Work to be completed:
Repeat the lines from the one containing "新富士 油墨CP17/JP-12 CPT3" through the end of the listing exactly, both ends included. Do not carry over any pictures.

Given data:
**********

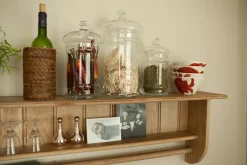 Flamant Lolly, Snoeppot, Mondgeblazen, S^ Accessoires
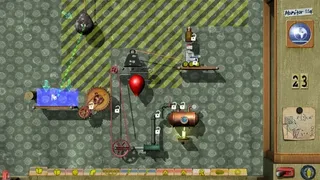 Скриншот 1 к игре Crazy Machines 1.5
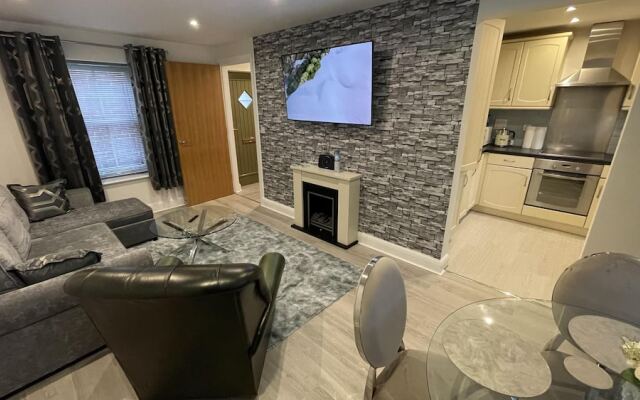 Lovely 1-bed Apartment in Town Centre Colchester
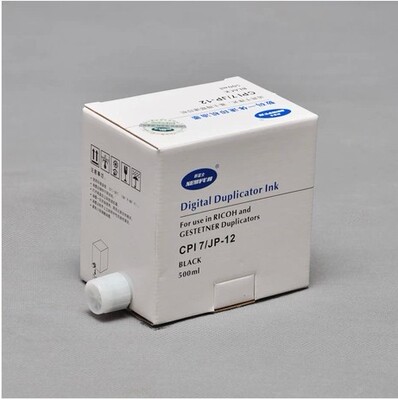 新富士 油墨CP17/JP-12 CPT3 5300/5310P/5425C5428C速印油墨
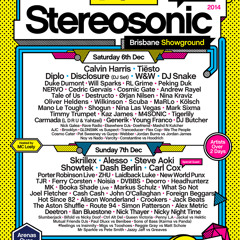 Stereosonic 2014 - Promo Mix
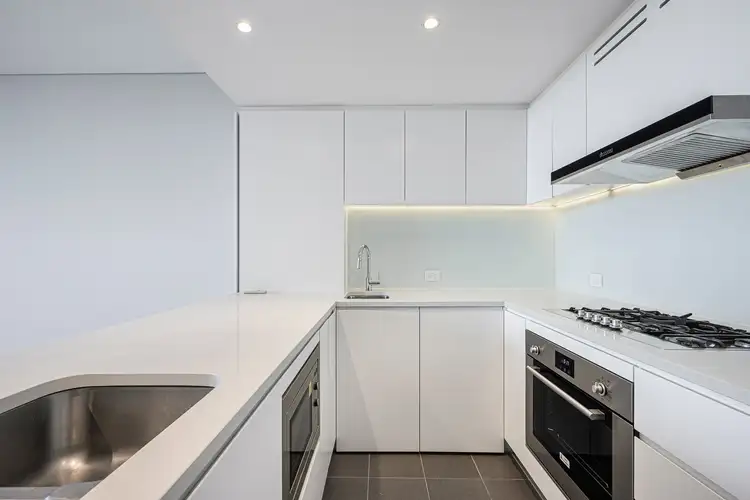 Sixth view of Homely apartment listing, 2403/18 Footbridge Boulevard, Wentworth Point NSW 2127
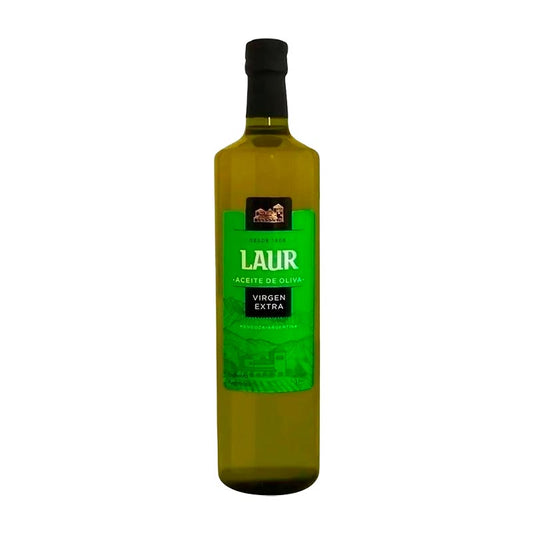 ACEITE OLIVA LAUR BOTELLA 1 Lt.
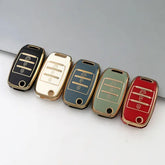 Kia Key Cover | Cerato, Rio, Sportage, Sorento, Optima | Flip key Kia Accessories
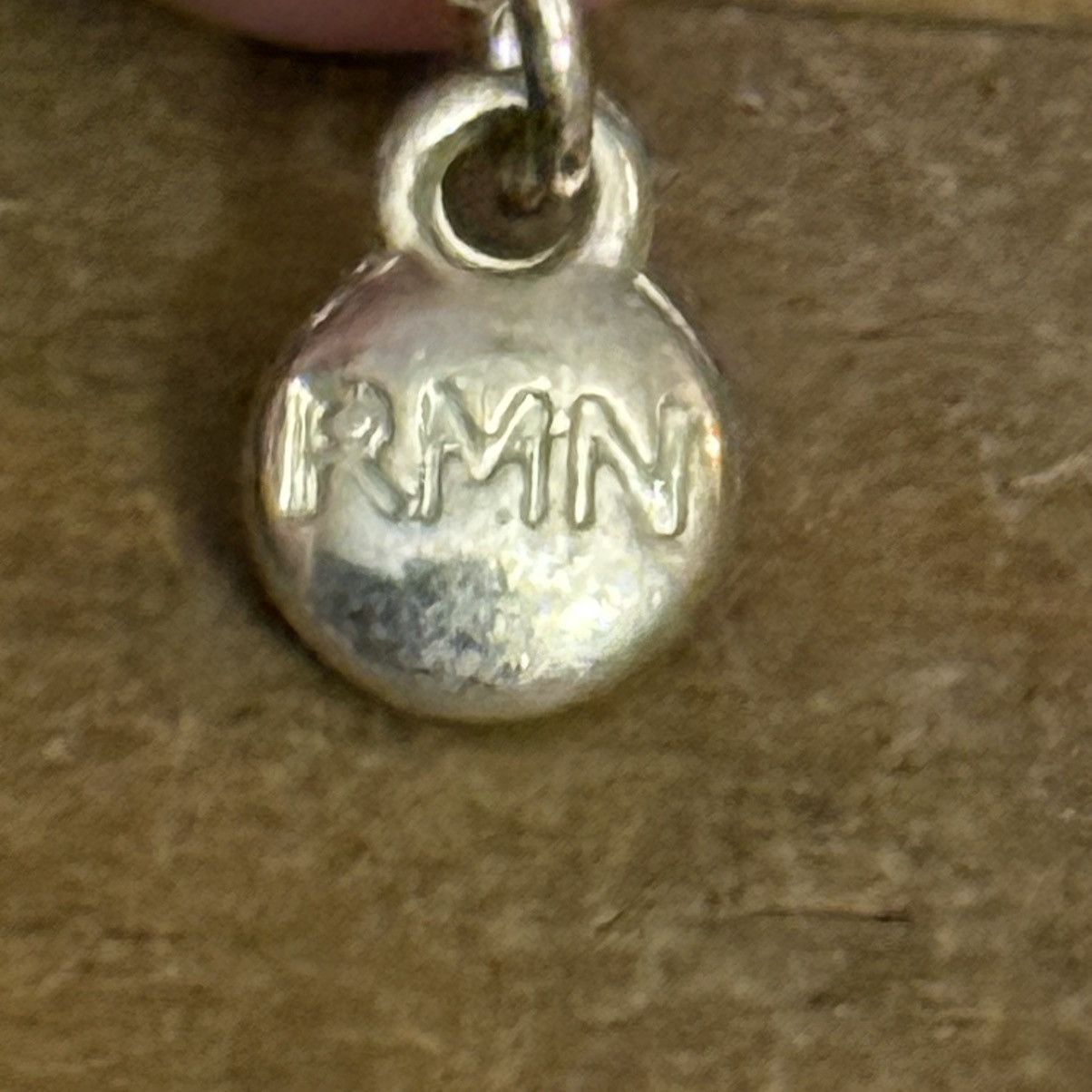 Other RMN silver tone cluster bead and AB bib necklace Size ONE SIZE - 8 Thumbnail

**********

Answer to the exercise:
 新富士 油墨CP17/JP-12 CPT3 5300/5310P/5425C5428C速印油墨
 Stereosonic 2014 - Promo Mix
 Sixth view of Homely apartment listing, 2403/18 Footbridge Boulevard, Wentworth Point NSW 2127
 ACEITE OLIVA LAUR BOTELLA 1 Lt.
 Kia Key Cover | Cerato, Rio, Sportage, Sorento, Optima | Flip key Kia Accessories
 Other RMN silver tone cluster bead and AB bib necklace Size ONE SIZE - 8 Thumbnail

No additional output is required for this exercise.